The Blue Nile

Walk Across The Rooftops

  • AMG Review of Walk Across the Rooftops

    Amg
    Stewart Mason
    All Music Guide

    The Blue Nile's debut album has a rather fascinating genesis. Scotland's Linn Electronics wanted a demo track to demonstrate the fidelity and versatility of their new recording console and tapped a struggling local trio, the Blue Nile, to provide it. Their effort was a deliberately disjunctive song called "A Walk Across the Rooftops." To demonstrate the recording equipment's dynamic range and clarity, the song was arranged most peculiarly, with vocals, guitar, bass, keyboards, drums, and full string and horn sections all appearing, but never at the same time. Linn liked the song so much that they formed a record label and bankrolled the recording of this full album. The seven lengthy tracks on A Walk Across the Rooftops all follow the model of the opener, with Paul Buchanan's rich voice at the center of near-symphonic arrangements that manage to sound lush and incredibly austere at the same time.

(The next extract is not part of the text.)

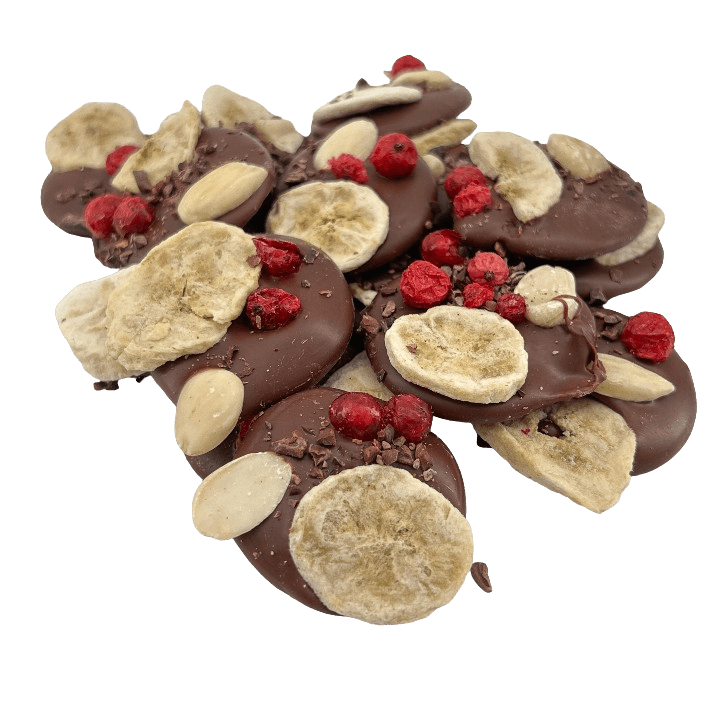 Milk chocolate mendiants with banana, almond and pecan pieces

The tempos are deadly slow, with the most upbeat track, "Tinseltown in the Rain," barely rising above a graceful saunter, and the inventive arrangements make extensive use of empty space. This was a popular album for demonstrating the lack of hiss and background noise in the then-new compact disc medium, but A Walk Across the Rooftops works even better as a piece of music than as a stereo demonstration record.